- _SUPPLIED ENTRIES_:
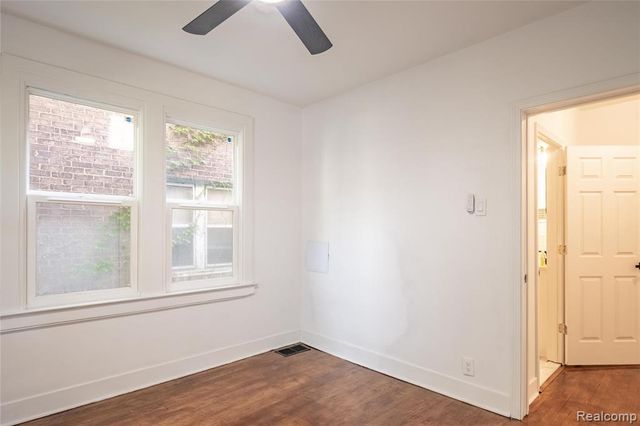 2270 W Philadelphia Street, Detroit, MI 48206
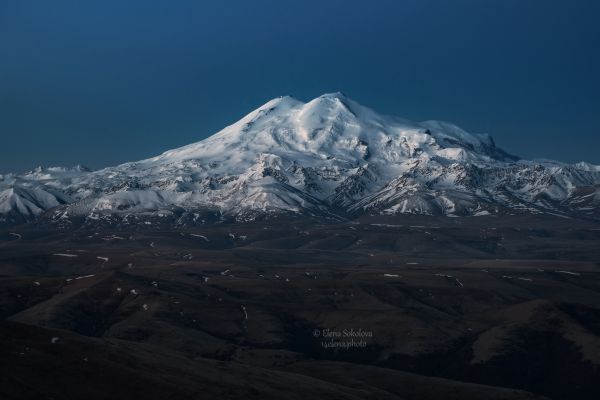 mountains,snowy peak,snow,clear sky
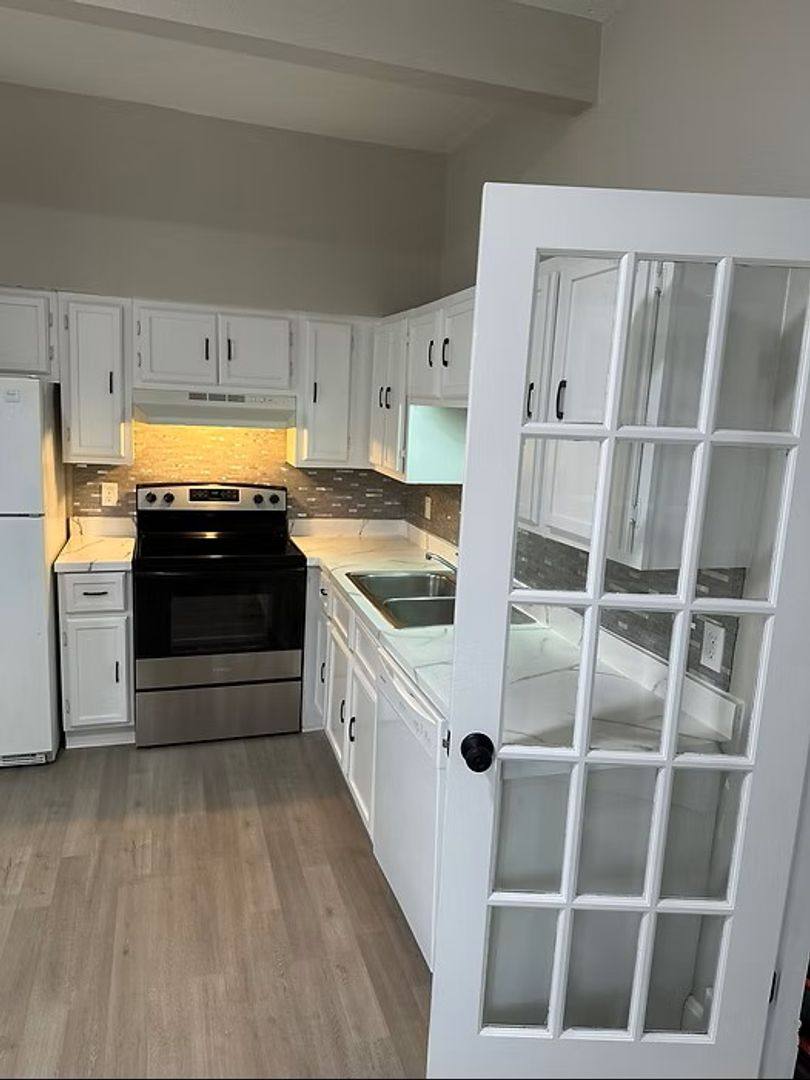 Apartment for rent at 320 S Florence Ave, Springfield, MO 65806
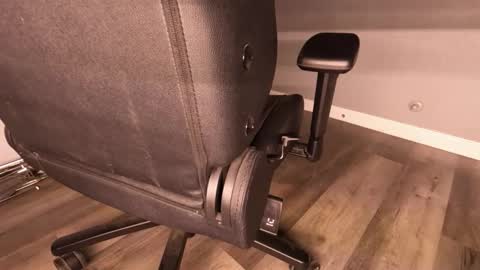 Snapshot of jackenwatch chatting on October 20, 5:23 am jackenwatch online show from October 20, 5:23 am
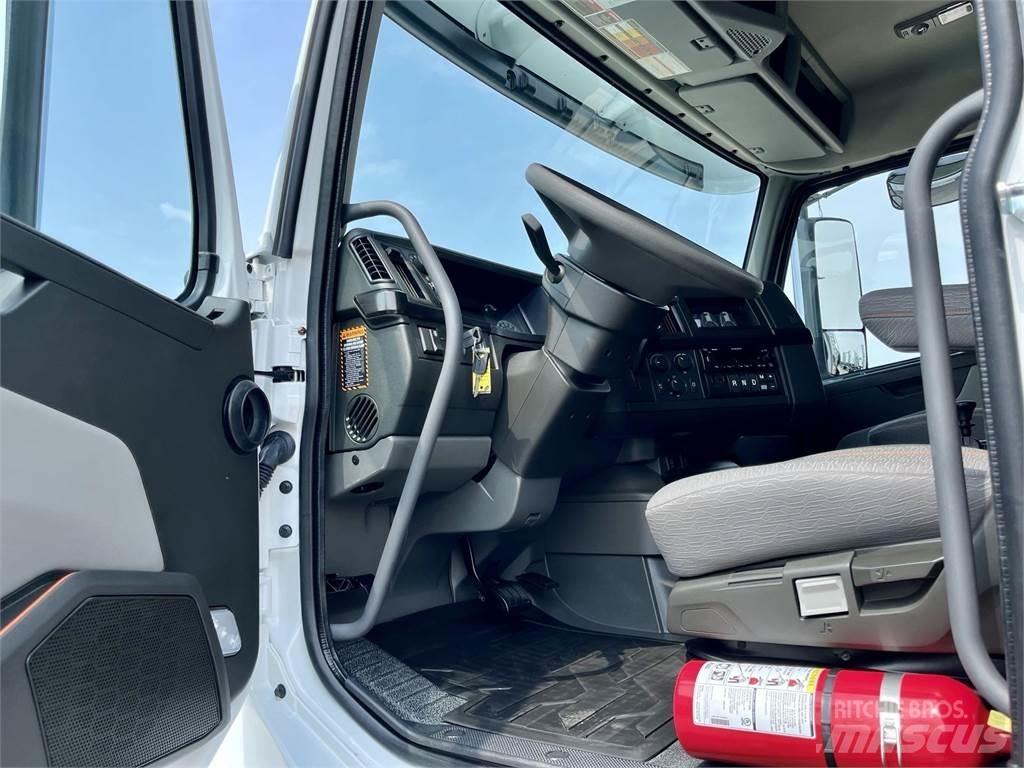 Volvo VHD64F300 Billenő teherautók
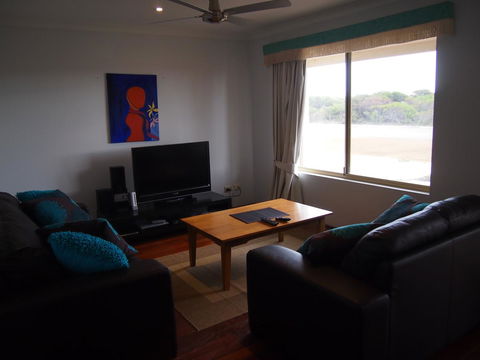 Beach Place @ Leeman - Accommodation Gladstone 8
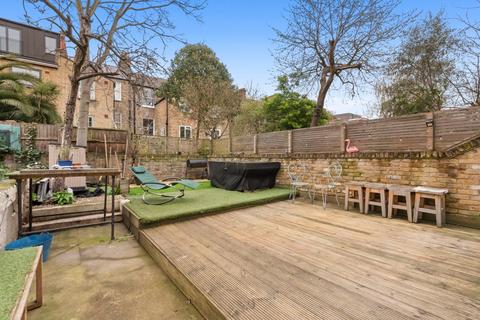 1 bedroom flat to rent, Ferntower Road, London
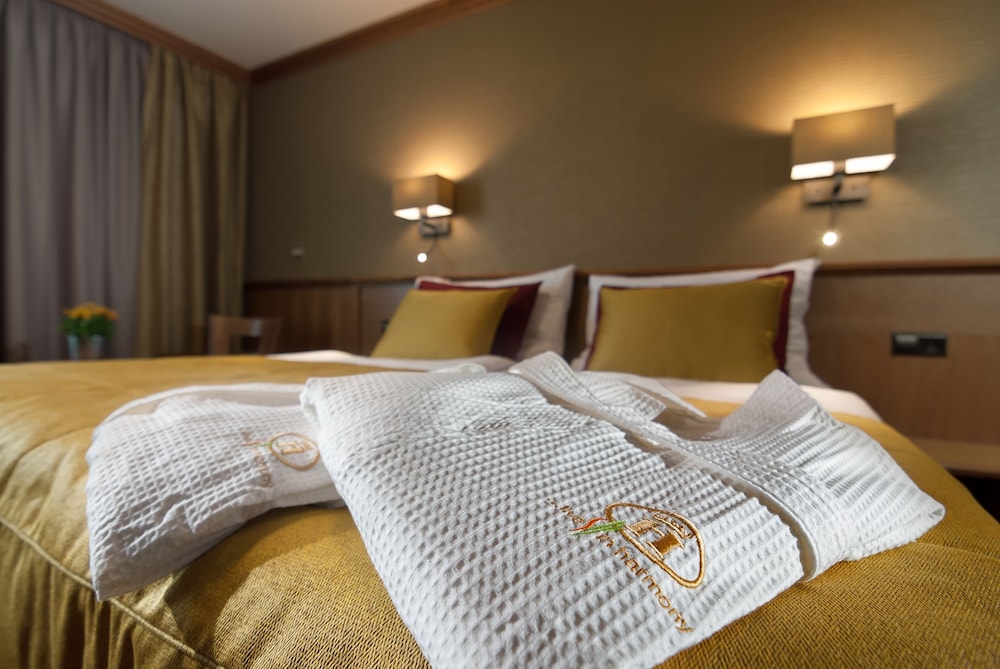 Hotel Harmony Club Hotel 24/67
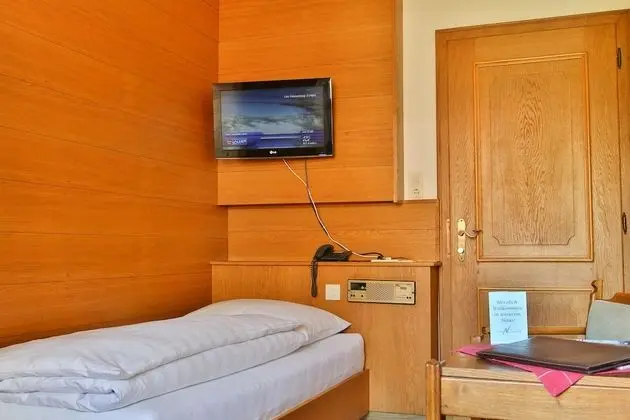 Standard Tek Kişilik Oda, Dağ Manzaralı
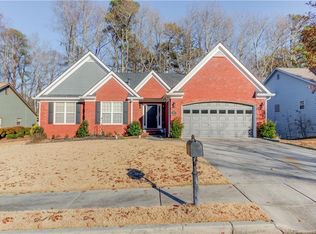 1455 Creek Pointe Cir, Lawrenceville, GA 30043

- _REQUIREMENT_: Output only the lines from the one that contains "Snapshot of jackenwatch" to the end of the entries above, both end lines included, and drop the pictures.

- _RESULT_:
 Snapshot of jackenwatch chatting on October 20, 5:23 am jackenwatch online show from October 20, 5:23 am
 Volvo VHD64F300 Billenő teherautók
 Beach Place @ Leeman - Accommodation Gladstone 8
 1 bedroom flat to rent, Ferntower Road, London
 Hotel Harmony Club Hotel 24/67
 Standard Tek Kişilik Oda, Dağ Manzaralı
 1455 Creek Pointe Cir, Lawrenceville, GA 30043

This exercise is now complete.